My kid, and a few other kids I've known, would balk at getting ready to go. I'd grab their clothes and say, "Well, if you won't put on your clothes, I guess I'll put on your clothes. Cute shirt, by the way! Does it go on my foot?"


"Does it go on my head?"


"Oh, that's right, thanks! So, it must go on your legs, right?"


"I just can't figure this out! Where does this adorable shirt go?"

[kid grabs shirt and puts it on] ON MY TUMMY! SILLY MOM!

"Oh, thank you so much! Now what about these pants? Shirts go on tummies, so...the pants go on the tummy, too, right?"


[continue until kids have dressed themselves]

I would also do things like hand the kid my keys and say, "Alright, you're driving, I'll sit in the booster seat in back," attempt to feed the kid by putting a spoon up to his ear or his belly button, and attempt to put away his toys in the refrigerator.


Some Foot For Thought.


My mum would always yell at us "if you don't do X, you have to go to bed without socks!"

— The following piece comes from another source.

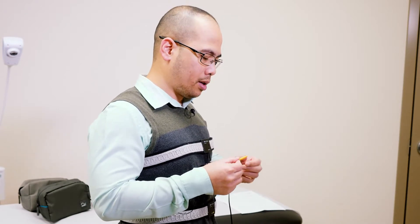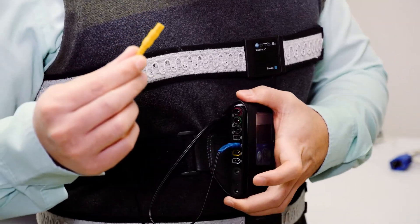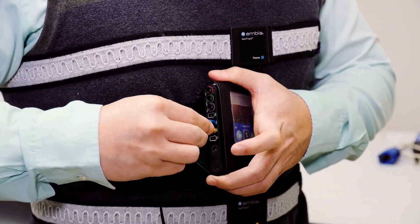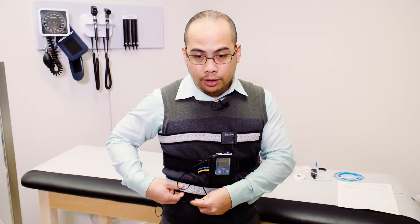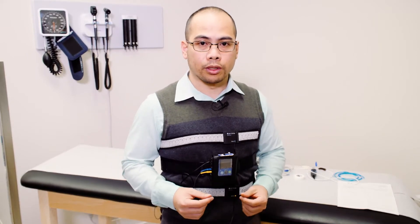Same thing goes for the belly sensor connection — it's color-coded yellow, and the point of attachment is on the side of the recorder on the yellow port. Just slip it in place. The rest of the wires you can just tuck underneath the sensors so that they're not all over the place.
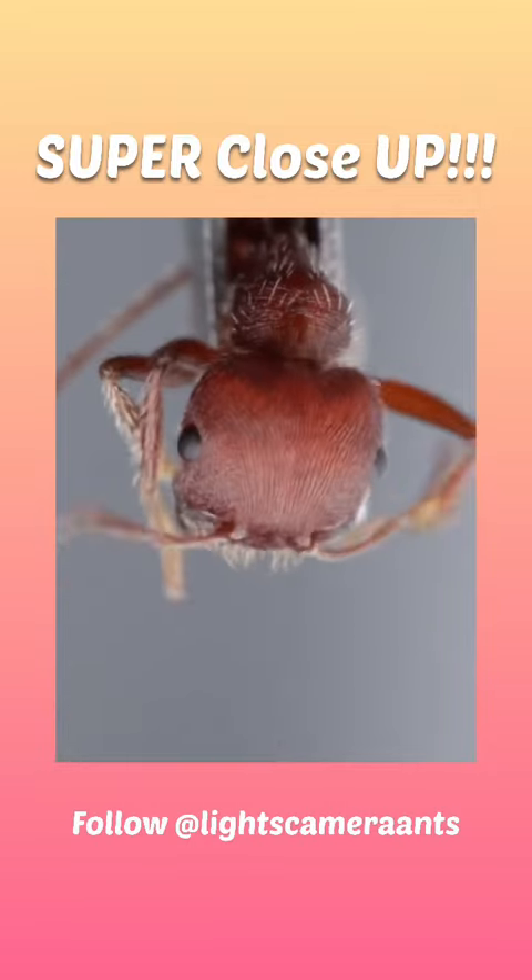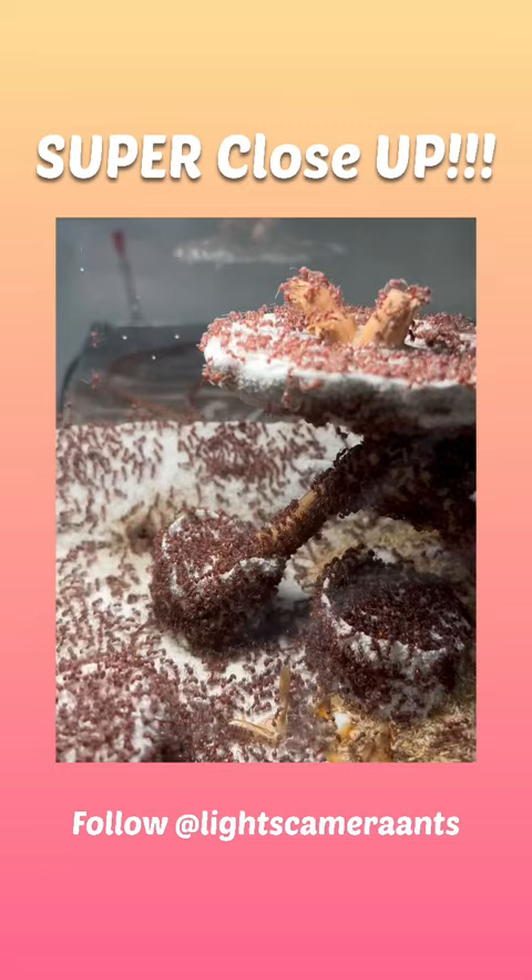This is a really close-up shot of a western harvester ant. This is how I normally see the ants, but thanks to this camera right here, I'm able to get super close.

I never wore socks anyway, and I'm ashamed to admit that this worked.


That would work really well on my son, or make him cry for a really long time... He's 3 and over the last few weeks has decided that he is fully unable to sleep without socks on.


Toddlers man. Completely unpredictable.


I'm Greens With Envy

My mum had a friend that would put vegetables on her own plate and not the kids.

When the kids asked she would be reluctant to share, "that's grown up food. But I suppose I can let you have a little."

Her kids grew up loving vegetables.

I sat at the dinner table for 3 hours staring at the yucky cauliflower I refused to eat.


This reminds me of an instance when my child convinced my wife and myself to change our plans for dinner. We were in a grocery store to pick up something quick and easy to eat that we wouldn't have to prepare. Our daughter, wanted none of that, she demanded that she wanted a salad from the salad bar. We started to argue back, but then realized: "Our child demands that we feed her vegetables for dinner instead of a microwaved meal, why are we saying 'No?'"

We had salad for dinner that night.


The Power Of Choice

I don't so much know if you would call it reverse psychology, but I didn't realize it until my dad told me this.

When there were chores that needed doing, he noticed if he asked me to mow the lawn, I would complain and procrastinate. But if he asked would I rather mow the lawn or wash the windows, I'd pick one and just get it done.

Shattered my brain when he told me when I was in my twenties. I use it when I'm coaching or baby sitting all the time and it almost never fails.


The Boy Who Cried 'Ouch'


I've done this one with tens of kids. Any time a kid gets "hurt" (falls down on grass, gets gently hit in the face with a ball, etc.) instead of stopping the activity to pick the kid up and see if they're ok you just scoot them off to the side and resume. Within 10 seconds of not getting all the attention and seeing the fun is resuming they pop right back up and are magically healed.

This of course is only for the "injuries" that aren't actually injuries.